Hookah smokers call it smooth and relaxing. Doctors call it dangerous, even saying it’s worse than picking up a cigarette. On any Friday night, people fill J.J. Hernandez’ hookah bar in Jacksonville. “At capacity,” said Hernandez. “It’s a cultural thing.”

The practice dates back at least 500 years to India, but now hookah bars can be found a nationwide, including in the River City.

There are more than a dozen hookah bars around town. Hernandez opened one about a year ago. “It’s very popular. It’s the in. It’s the fashion trend,” said Hernandez.

But when it comes to smoking hookah, a man by the name of Dave Paul doesn’t need to socialize at a bar. “Just a nice way to relax,” said Paul.

If Paul needs a hookah fix, he just loads a pipe up with the flavored tobacco and puffs away on the hose at home. “It just helps you wind down,” said Paul.

Paul calls it meditative, a practice he started about 10 years ago.
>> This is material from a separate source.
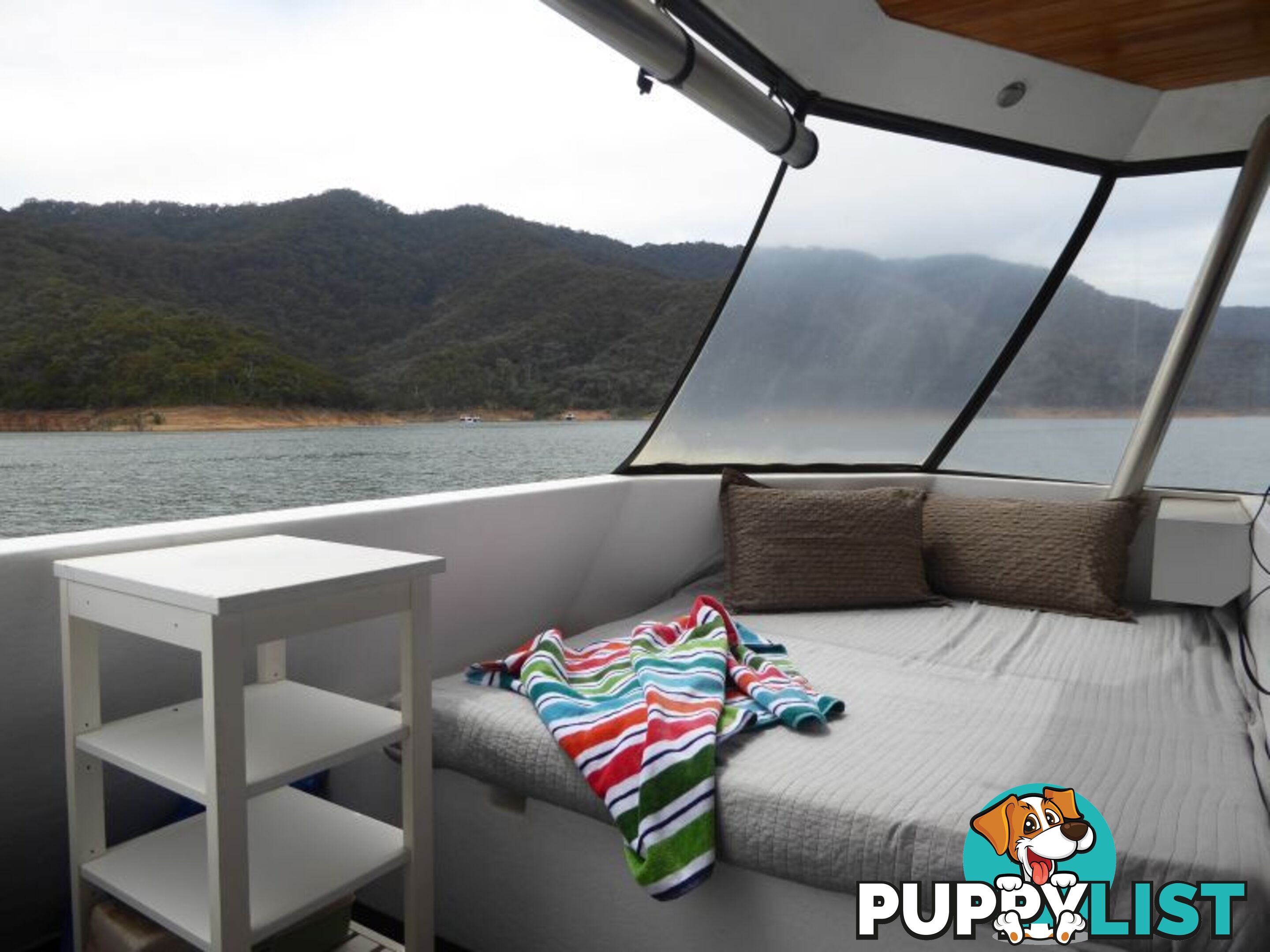 Quattro: Houseboat Holiday Home on Lake Eildon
At times, it’s been every day of the week.

“It was kind of a ritualistic thing. It was just the thing where, ‘ok, I’m done with the day, sit down, what do I want? I want a hookah’,” said Paul.
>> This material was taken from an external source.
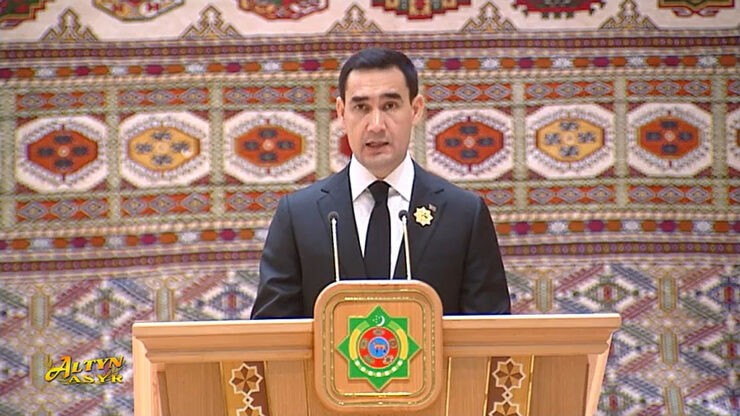 One of the key tasks of Turkmenistan's economy is to reduce dependence on raw material exports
After so many years smoking hookah, countless times, Paul said it’s not as addictive as cigarettes.

“I know people who smoke every five seconds, they are fiending for one. They’re like, ‘oh my God, I haven’t had a cigarette in five minutes. I need one…’”

But medical experts are now comparing the dangers of cigarette smoke to that of hookah, saying smoking hookah for an hour is the equivalent of smoking 100 cigarettes.
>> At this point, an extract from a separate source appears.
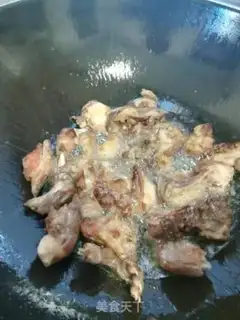 Make Puffy mushroom onion dry rabbit step 1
Dr. Lynnette Kennison said there are very valid reasons for hookah smokers like Paul to be concerned. “The reality is, you’re getting much more than just flavor,” said Kennison.

Smoking hookah consists of lit charcoal and flavored tobacco on the head of the hookah pipe. The body of the pipe holds a water bowl and a hose.

Air is drawn through the tobacco, into the body of the pipe and passes through the water before being inhaled through the hose. “These are toxic elements that people consume and don’t realize,” said Kennison.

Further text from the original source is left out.